How to create and run a REST extractor [Cognite Official]

  • 9 November 2022
  • 2 replies
  • 424 views

Userlevel 5

REST APIs are one of the most common ways to expose data. At Cognite we often encounter use cases where we have to extract data from such APIs (for example extracting data from SAP) to Cognite Data Fusion (CDF). Since every REST API is totally custom, we do not have an off-the-shelf REST extractor. Nevertheless, we have a package called extractor-utils enabling you, among others, to create custom extractors for REST APIs: https://cognite-extractor-utils.readthedocs-hosted.com/en/latest/ 

 

In this article, we’ll go through an example using Meteorologisk Institutt’s Frost API, exposing meteorological data from Norway. It is a free API, the documentation is available at https://frost.met.no/api.html#/locations . You need to create a user in order to use the data: https://frost.met.no/howto.html . The goal will be to create an asset and a timeseries for each one of the locations. Then we will feed datapoints (for the meteorological reports) inside of those timeseries thanks to an extractor.

 

Note: At the time this article is published, the Rest extractor-utils package is not ready for production yet. 

 

 

Setup

 

First of all, you have to install the cognite-extractor-utils package (poetry is the preferred package manager). Then you need to run the following command line : 

 

cogex init

 

Follow along the instructions and make sure you select “REST”. This will create some template that you need to edit and adjust to your needs to get started with the extractor. “rest_api” being the name of my extractor, I got the following folder structure (+ Poetry files if you are using it).

 

-Q7mbZfCdwX9zGjBt-IOwJIVGzw_-dugW4mXyeYaLBrYguGAgQMYbceVjW3onWNHgxEPZwnKLuDmkwq4Q-rTNtB2iaEm9o4H2lFG3ErWiIJIV3ZCUTxYRQRsdzFtjHqmD7E3RP-Sp2nupKplpqkeiHyIj096P4EKURp8vqg_0gAPK2oXmSAq2ZU07MMesQ


 

The same thing is possible without that command, it is simply easier to get started for a tutorial or for a simple extractor.

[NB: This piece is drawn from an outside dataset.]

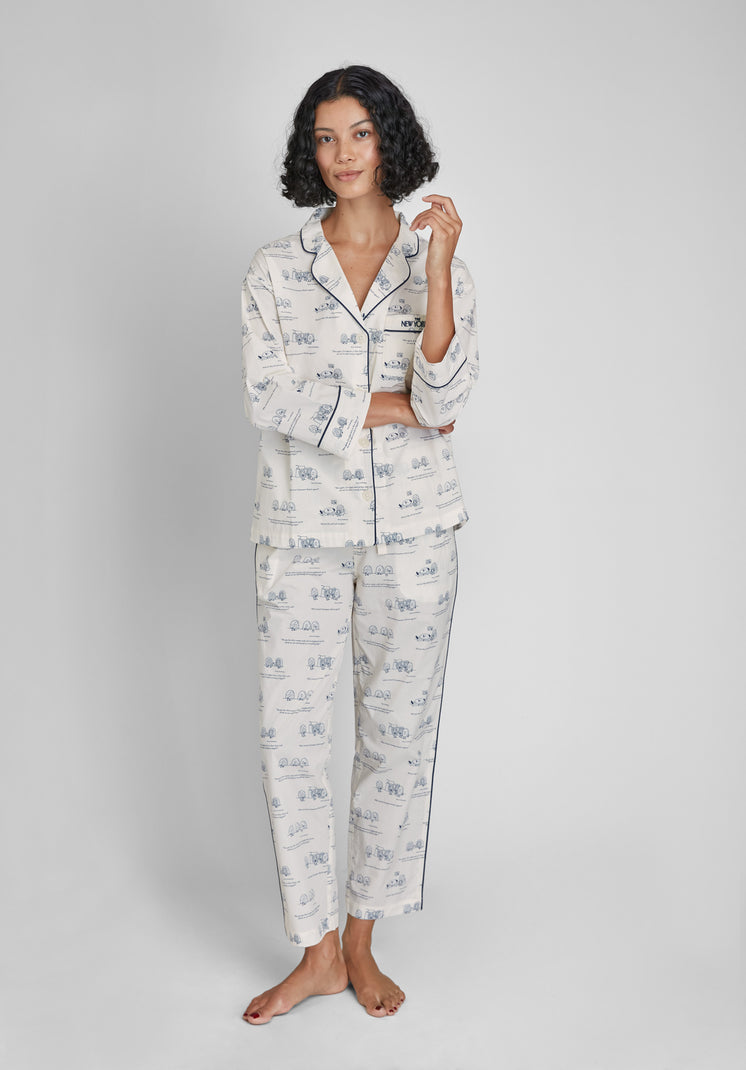 Sleepy Jones x The New Yorker – The Marina Pajama Set in Dozin' Bagels Cream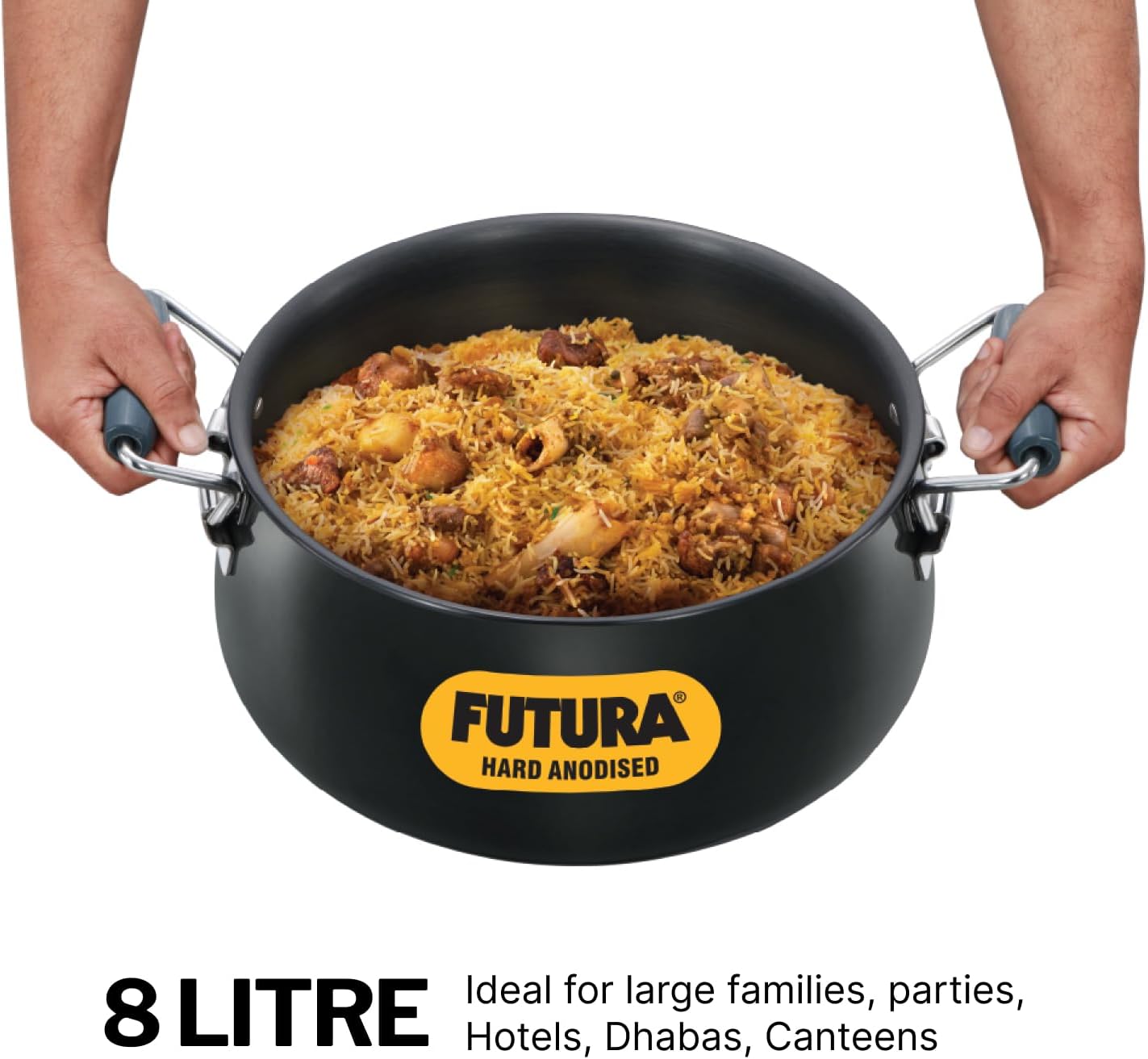 Hawkins Futura 8 Litre BigBoy Biryani Handi, Hard Anodised Pot with Hard Anodised Lid, Sauce Pan for Cooking and Serving Biriyani, Black (ABH8)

You could also choose other names for your files, and organize your directory in another manner. Just make sure your imports are ok and everything connects. 

 

rest_api/__main__.py is the file running the extractor: we won’t edit this file.

 

rest_api/dto.py is the file in which we define the datatypes we get from the API, how the JSON response we get will be parsed in a python object, to be used in our code.

 

rest_api/extractor.py is the file where we configure the extractor itself: which type of request, to which endpoint, how to transform the response into a CDF object.

 

Rename the example_comfig.yaml file to config.yaml. This file contains all the authentication information: both for the source and for CDF, and other information such as the logging level. Make sure to use your secrets in a safe manner. The extractor supports variable substitution in the config file, you can refer to an environment variable named MY_ENV_VAR with the following syntax: ${MY_ENV_VAR} (as in the code template created).


 

Now, create a “hirerachy_builder.py” file at the root of your working directory. 

 

Your file structure should now look like this:

kd_62tPp6zLovWgAwdkRSXcBRhrzAhZ3jjvFCi3oRtm_6I_lr1ChpS36Nky9acEOPcI1SHmDh_S3OLPXCBjV572GL8TnFiO1yk2VCC4hxl928WIfL7wtfQybV-EmYYGyPTVlj5fT39YjM-vDyMZa3Yo7xTl1gIqIVK2AZSka7B7h5Hvb5rcmUEhuISw8oQ

We will not need to edit the other files during this tutorial.

 

 

Assets and Timeseries: init script

 

Our REST extractor will be able to feed datapoints into our timeseries (it could also create Events or rows in a RAW table). So we must have our timeseries and assets created before we run the extractor. There are several ways to do that depending on the use case. Here, we will directly write the data to “clean” (i.e. assets and timeseries). We could also have populated a raw table first and then created assets and timeseries thanks to Transformations. Both ways are correct, it really depends on the use case.

 

In the hierarchy_builder.py file you created, copy the following script to create the assets and timeseries. For each of the Sources, that is of type SensorSystem, with air_temperature records, in Oslo, we create an asset, and a time series linked to that asset. Both will have the Source ID as external ID in CDF.

 

Make sure you have the right environment variables before you run the script.


hierarchy_builder.py:

import os

import requests

from cognite.client import CogniteClient

from cognite.client.data_classes import Asset, TimeSeries



TENANT_ID = os.environ.get("TENANT_ID")

CLIENT_ID = os.environ.get("CLIENT_ID")

CDF_CLUSTER = os.environ.get("CDF_CLUSTER")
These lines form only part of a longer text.